I’m a UK academic and the setting of this is an upper tier American University, which is a somewhat different context from the UK, so I was willing to make allowances. It is satire, Sandra Oh is great in the role of the chair, the series has its funny moments and it does, from a very elite upper-middle class perspective, pick up on some of the issues that plague today’s academy, such as racism, sexism, gender inequality, and ageism. But it ultimately fails in addressing those important issues.

The deeply exploitative nature of academic work in the real world, the struggles of the 80% on non-permanent contracts, which, as far as I’ve heard from colleagues in the US, are very similar to the UK, have been severely downplayed here. Some aspects of the existing institutional racism was depicted fairly well in the plight of the non-tenured, and only Black female professor in the series, Jaz. But even this is done from a very elitist perspective. The 99% of Black university graduates who will never get this far, no matter how smart and brilliant they are, are left out. Also left out are the 80% of academics on precarious contracts who will never make it anywhere near the career ladder regardless of their quality.
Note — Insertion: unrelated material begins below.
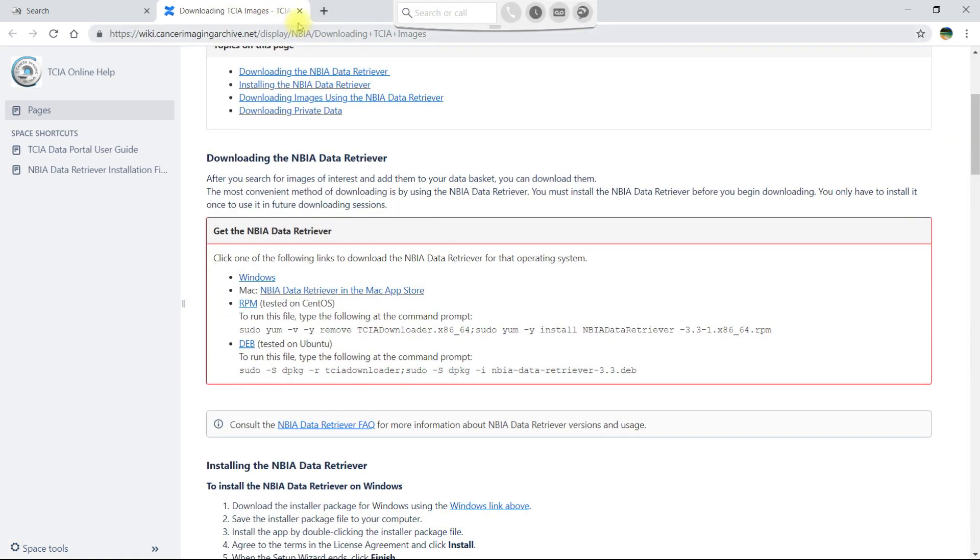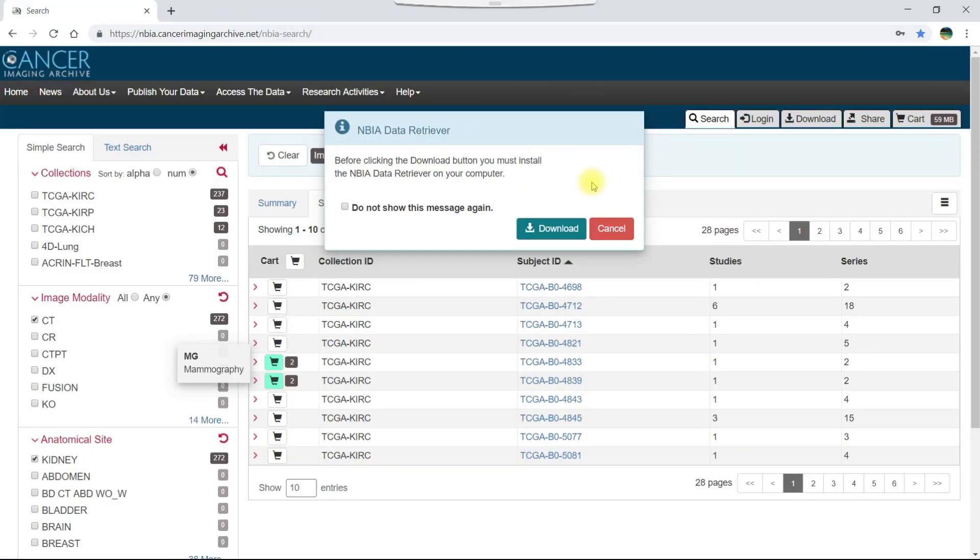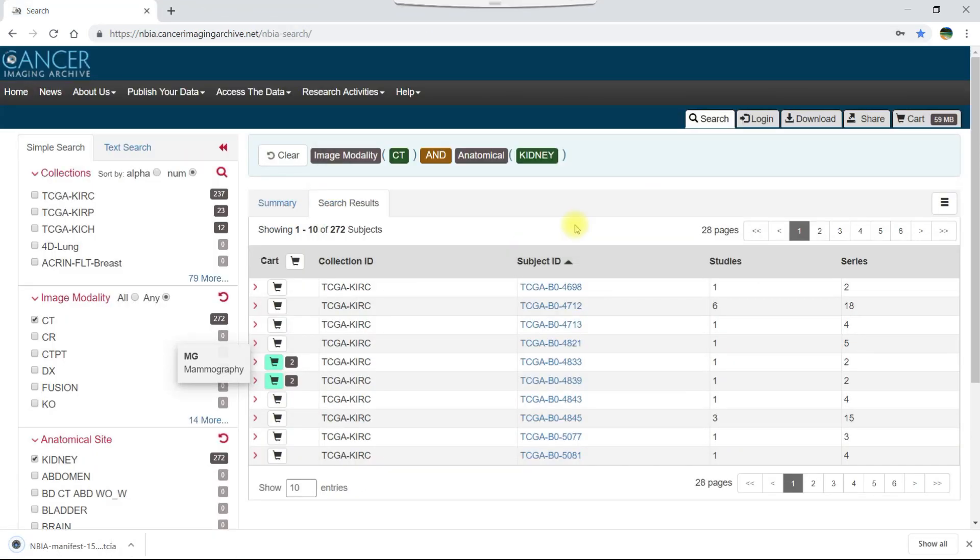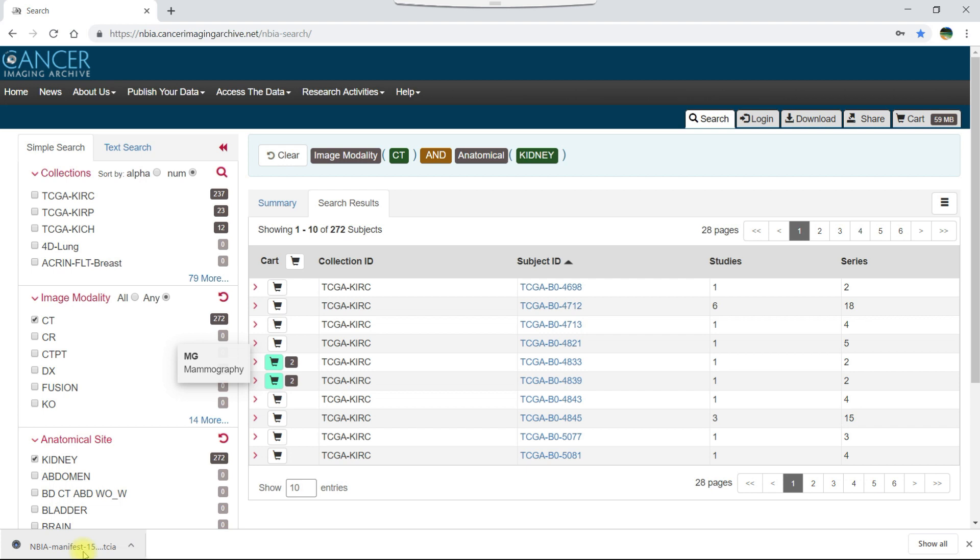Once you have installed the data retriever, click the download button. A manifest file opens in your browser. A manifest file contains all of the information that the data retriever needs to download the images you selected. Notice that its file extension is .TCIA and that only the data retriever can open this type of file.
In the real world of (UK) academia, those lucky enough to have been appointed to one of the highly competitive permanent lectureship positions are more often than not bullied and exploited by their more senior colleagues, worked to the point of mental breakdown, and in a small but rising number of cases – even suicide. For most, unless, they are lucky enough to get a professorship (which for most women will never happen no matter how smart they are), academic freedom to develop their own scholarship will only ever be a dream. Today’s academia is highly marketized, poorly managed, and riddled with corruption at the very top senior management level, as the many recent disputes between Universities and trade unions clearly illustrate. Academic workers are overworked and tired, subjected to ruthless performance management, nonsensical output scoring and rankings, and constant precarity. All of this is largely ignored in the series. If you have permanency, it is fairly meaningless because you can still get fired at any time, as the recent waves of compulsory redundancies at British Universities have shown very clearly. The only thing that protects academic workers somewhat is trade unionism, and that, too, is ignored here.

I also disliked the low-blows against woke culture in the name of ‘free speech’ – a trope much loved by the far right which the producers should have been aware of. Sure, there are cases of unjust victimisation of male white professors, similar to the one shown in the series, and yes, this is an injustice, but where is the engagement with the racism and classism at all but the very highest level of the lucky 1%? Non-existent in the series.

Academia is going up in flames as we speak, Phd holders in both the US and the UK teach on precarious contracts that in some cases don’t even suffice to pay the rent, those lucky enough to have a tenured job live in constant fear of being made redundant, never has so much talent been so utterly wasted. Yet this series focuses on the lucky few who made it to the top, or are on their way there. The producers missed a great opportunity for some really meaningful and sharp satire here. Instead, the series perpetuates a dated, rose-tinted upper middle class cliché from, perhaps, the 1990s. The chair delivers some good comedy laughs, but has little to do with the real world of academia in 2021.